第6話 新キャラ登場だにゃ!

 前回のお話:記憶にございません。(更新が一か月以上前)


 それはそうと山の麓の森までやって来たんだぜ!今回から聖騎士さまが仲間になったぜ(?)!


 聖騎士さまがどれぐらい強いかって言うと、出会ったら全力で逃げるレベルだぜ!(リンネちゃん曰く)


 そんな頼もしい味方ができたんだけども……。


「……確か、この辺りのはずだ「にゃん」。」


 なんかかわいいキャラ付いちゃってるんですよね~(白い目)。


「……何だ?言いたいことがあるなら言えばいい。」


「えっ!?いやいやいやそんなぁ!語尾に「にゃん」とか付けちゃって萌え萌えだにゃん♪なんて思ってないっスよマジで!」


「…………(ビュオオオオオッ!!)。
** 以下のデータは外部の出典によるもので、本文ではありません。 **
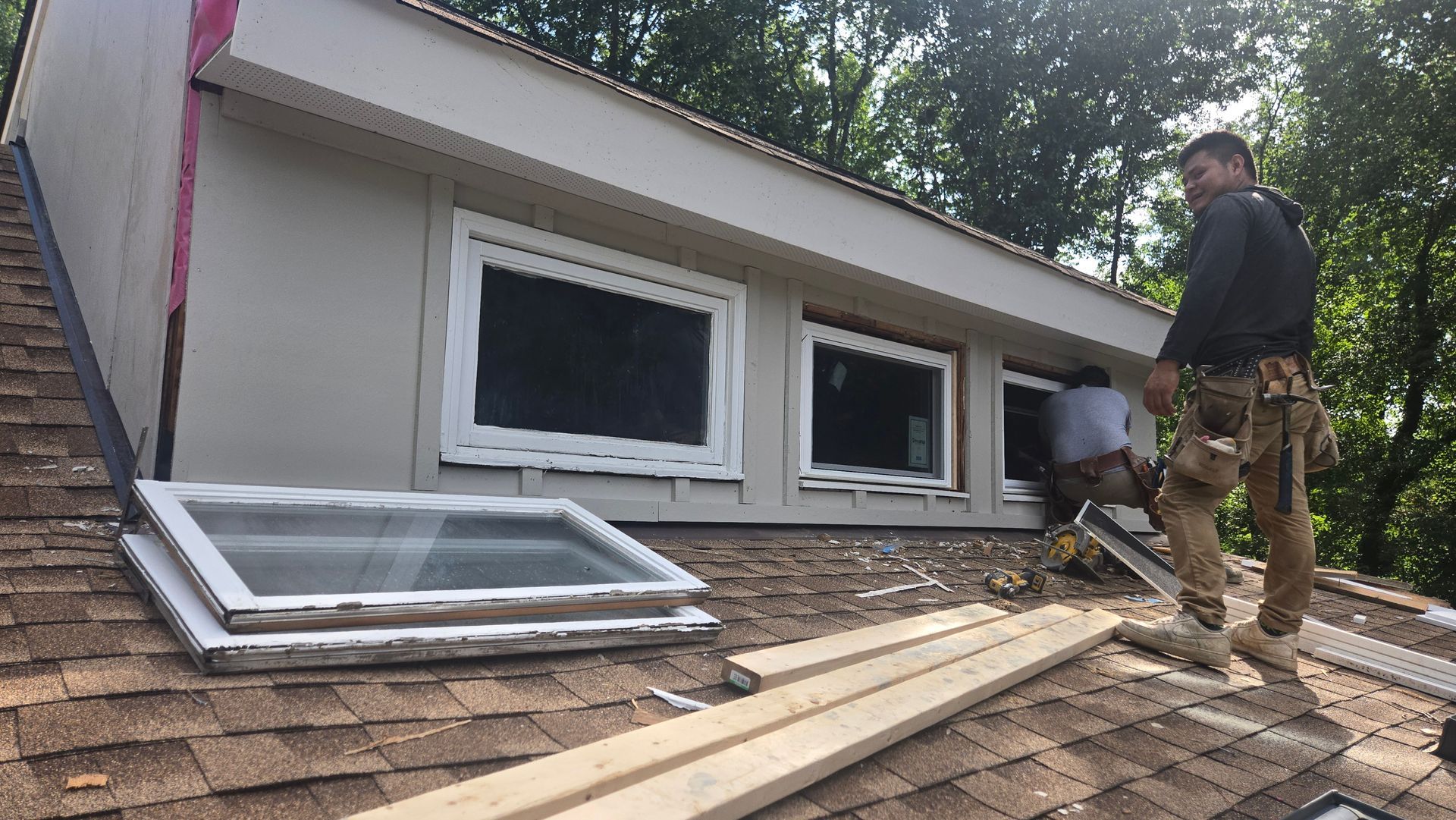 Workers repairing a roof around two white-framed windows on a house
」


 ズガガガガガガガガガガガガガッッ!!


「あひゃぁぁひぃぃぃぃぃぃィぃん↑↑↑!!」


 やっべぇ!!ちょっと本音を言っただけでエ○リウム光線みたいな一撃が、目の前で地面を抉りながら通過していったよ!!あの人大剣しか持ってないはずなのに!!


 あー、よかった。主人公補正持ってなかったら、今頃パンツ正面がビショビショだったじぇ……。(なお尻餅はついた模様)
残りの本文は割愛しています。